Una volta definita puntualmente suddetta posizione di garanzia, si potrà passare a considerare il momento dell’accertamento del nesso causale tra la condotta omissiva del datore di lavoro e l’evento.
È questo, forse, uno dei profili più problematici, specie nel settore della malattie professionali, stante l’irriducibile incertezza che connota la conoscenza scientifica in tema di esposizione a sostanze tossiche.In particolar modo con riferimento a patologie multifattoriali, invocando la pluralità e l’inconoscibilità di tutti i fattori interagenti, sono stati formulati paradigmi estranei ad una concezione rigida di causalità, fondati sull’aumento o mancata diminuzione del rischio di lesione del bene protetto, aprendo le porte a pericolosi abbassamenti dello standard probatorio richiesto per l’accertamento del nesso eziologico.È noto come la Corte di Cassazione sia intervenuta, con la sentenza Franzese, a scongiurare un tale affievolimento delle categorie causali affermando la necessità di un accertamento che – attraverso un modello bifasico di verifica dell’astratta affidabilità dell’ipotesi causale prima, e il controllo circa la validità della stessa nel caso concreto poi – soddisfi lo standard di certezza processuale dell’oltre ogni ragionevole dubbio.

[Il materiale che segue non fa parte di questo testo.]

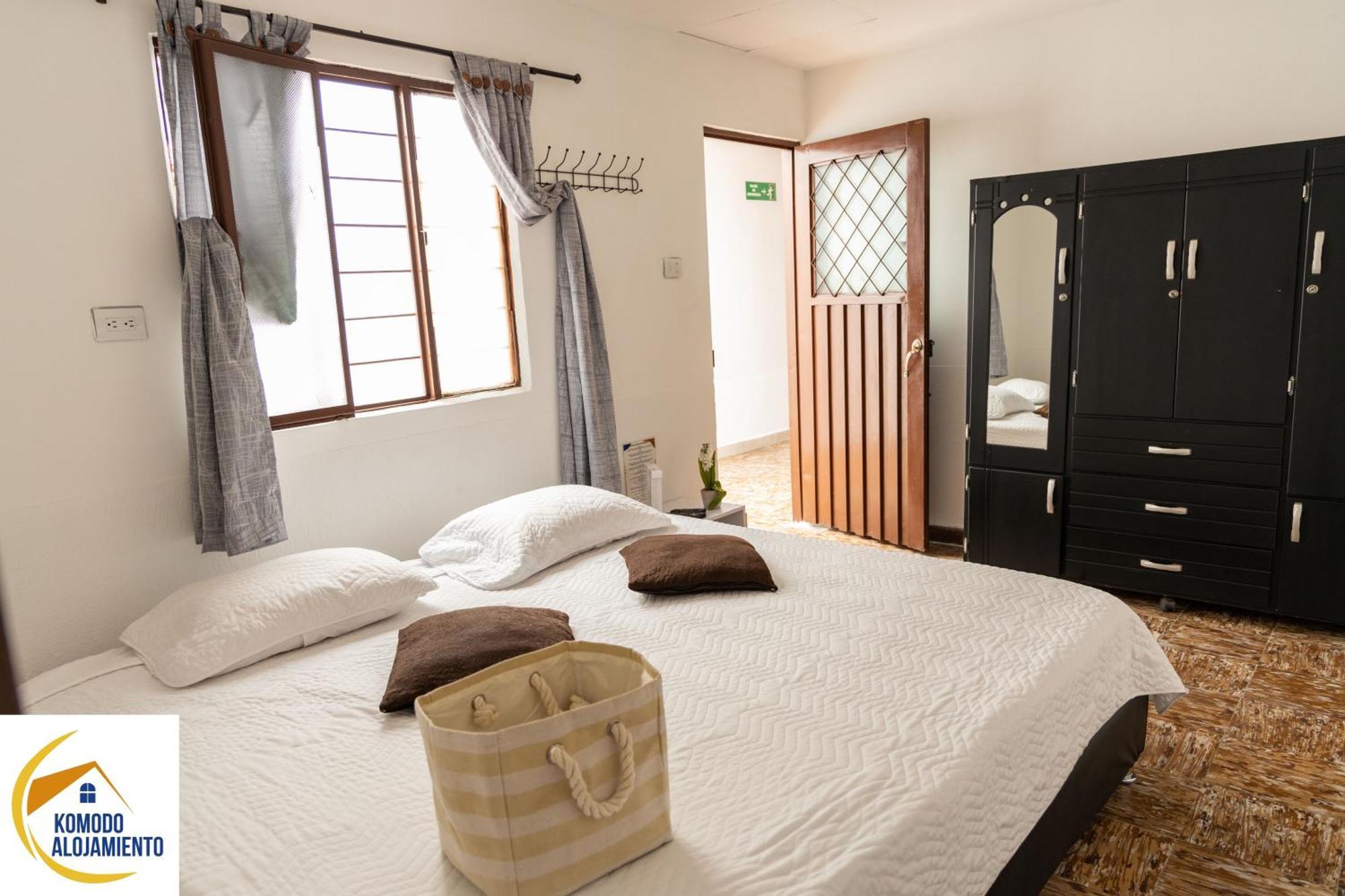 Komodo Alojamiento- Hostal Autoservicio - Ubicado Muy Cerca Al Centro Historico -Habitaciones Con Bano Privado, Wifi , Cama 2X2 โปปายาน ภายนอก รูปภาพ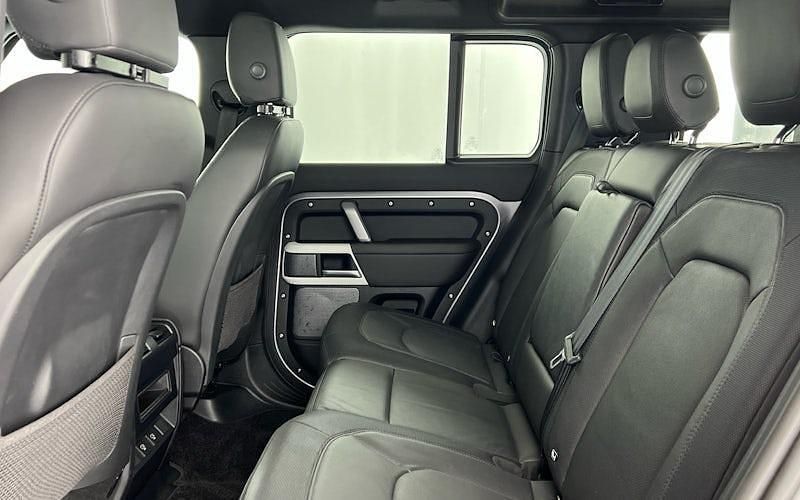 Used Land Rover Defender SE Dynamic 300 HP (220 kW) 2023 SUV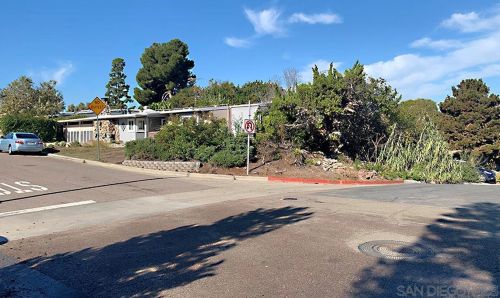 6376 Celia Vista Dr, San Diego, CA 92115-6730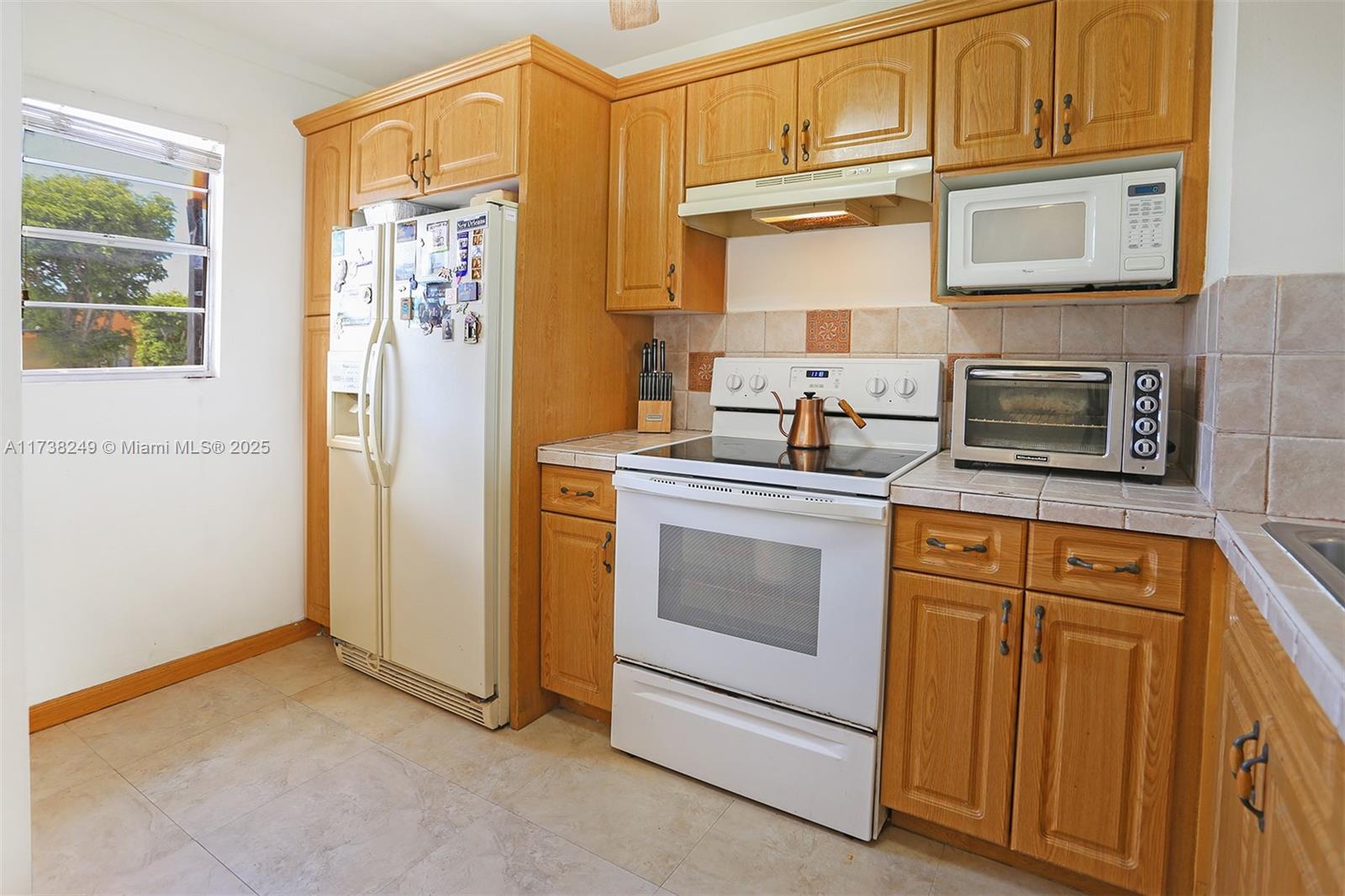 LAGUNA CLUB WEST CONDO BL - Residential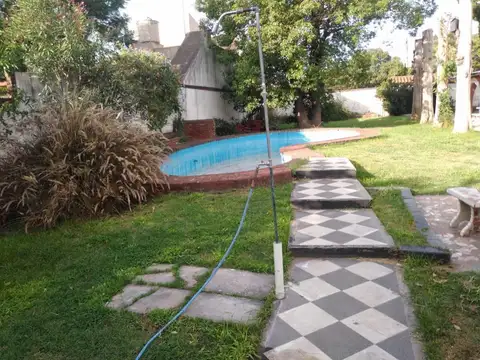 Casa en Venta en Gonzalez Catan, USD 250.000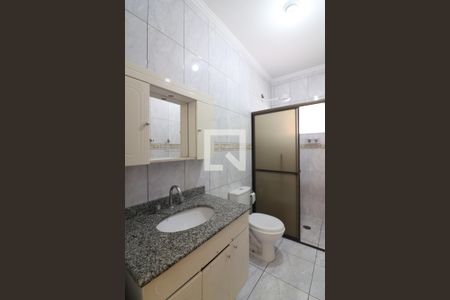 Quarto 1 - Suíte Banheiro  de casa para alugar com 3 quartos, 160m² em Montanhão, São Bernardo do Campo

Proprio quelle incertezze in ambito tecnico-scientifico, che vorrebbero giustificare la teoria dell’aumento del rischio, influiscono notevolmente, sul piano dell’imputazione soggettiva del reato, nella ricostruzione dei canoni di prevedibilità e di evitabilità dell’evento.
La particolare complessità del tema affonda le sue radici in un impianto normativo, quale quello del Testo Unico, dal forte carattere precauzionale: si avrà modo di notare come molte delle norme ivi contenute abbiano una vis, in realtà, non propriamente cautelare, proprio perché preordinate ad agire al fine di una prevenzione globale del rischio e non specifica. È chiaro che, ragionando in tal senso, il giudizio di prevedibilità ed evitabilità verrebbe ad essere snaturato, impostato su una logica generalizzante e anticipato alla fase del rischio e non più a quella della verificazione dell’evento. Si tratterà di capire come il principio di precauzione possa trovare adeguato bilanciamento con il principio di colpevolezza.
Infine, rimanendo sul piano soggettivo dell’imputazione, si ripercorrerà il discrimen tra la colpa cosciente e il dolo eventuale, ed in particolare la linea di confine così come individuata dalle Sezioni Unite nella recente sentenza ThyssenKrupp, analizzando come la stessa non abbia ancora segnato un punto di svolta nel dibattito in materia, essendo stata oggetto di molteplici considerazioni critiche da parte della dottrina.